Friday, March 17, 2006

"Chaplain, I want a weather prayer."

Lest anyone think that my post yesterday reflected any desire on my part for world-wide conflagaration, or even a lightly armed territorial squabble, I wish to make clear that I sincerely hope that peace will be given a chance for the remainder of my lifetime, as well as the remainder of the lifetime of my grandson. I will admit, as my longest-lived infantry comrades will attest, that as a youngster I itched for a fight to the point that my face could be found in the group picture next to the dictionary definition of warmongers. Not sure I could have done my job correctly (that of preparing combat teams to take the fight to our nation's enemies) if I didn't have a tendency to, as we aggressive ground-pounders put it, "lean into the fire." I like to think, not without a modicum of chagrin, that a gracious and wise Father God kept me out of combat for the reason, among others, that I might actually have been way too good at orchestrating destruction and killing. That sounds terribly, horribly, un-Christian; but there it is.

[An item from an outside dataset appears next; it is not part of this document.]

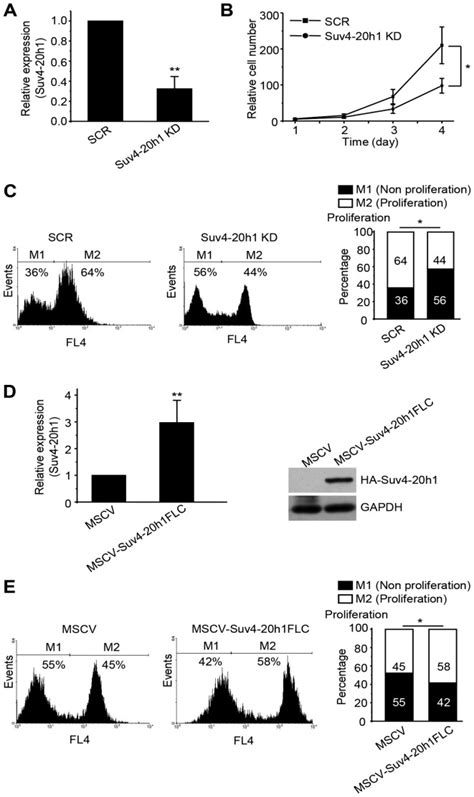 Suv4 20h1 Promotes G1 To S Phase Transition By Downregulating P21WAF1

When your children start having children, however, a transformation takes place in your world view. No, I'm not changing into a liberal--that would require loss of a great deal of grey matter from the confines of my brain housing group. Having a grandchild is like getting a tranquilizer shot. The world's light (what little there is these days) has taken on a different shade with the entry of my son's son on to the stage. My wife says I'm just mellowing with age, but that is not something I want to admit to. Instead, I'm more content to give the credit to my grandson.

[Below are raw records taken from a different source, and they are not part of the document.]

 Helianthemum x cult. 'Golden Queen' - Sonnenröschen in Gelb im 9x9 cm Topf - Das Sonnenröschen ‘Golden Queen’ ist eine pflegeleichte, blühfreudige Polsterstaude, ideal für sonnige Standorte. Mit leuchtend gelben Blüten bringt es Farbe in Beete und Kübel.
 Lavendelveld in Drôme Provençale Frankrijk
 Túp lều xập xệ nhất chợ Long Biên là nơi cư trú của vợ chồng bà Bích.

But, I am, if nothing else, a realist. My lifelong study of the history of man would not allow me to be anything else. Man may discover new technology and harness new resources to build new machines and edifices, but the nature that God sent with him from the garden will never change. Man may talk in ever loftier terms of the responsibility of men to live in peace with their fellow men, but even the most dedicated and disciplined peacenik has a point beyond which, when pushed, he will react with violence. Even my Lord used force to throw the money changers from the temple.

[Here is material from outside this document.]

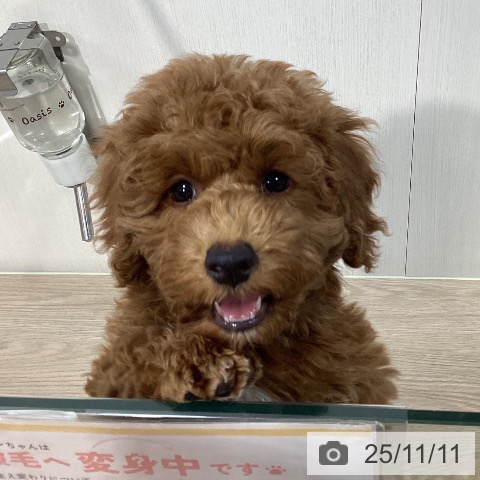 トイ・プードルの写真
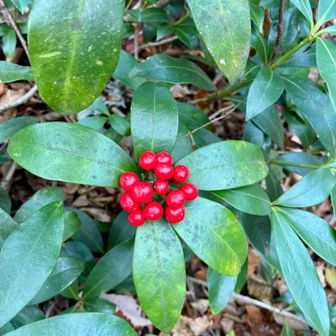 ミヤマシキミ😀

As an instrument of my nation's "politics by other means," I strived, without complete success I will admit, to be apolitical. My job was to salute smartly, shoot straight, and suffer silently. I was not allowed a public political stance, although I will admit, again, that my private political stance became a little more publicly viewable when my nation's leadership was acting according to my own jingoistic and imperialistic notions of the American place in world affairs.

I have said all of the above to say this: While we are all praying earnestly for peace, let's not forget to pray earnestly for the marksmanship of our defenders of that peace.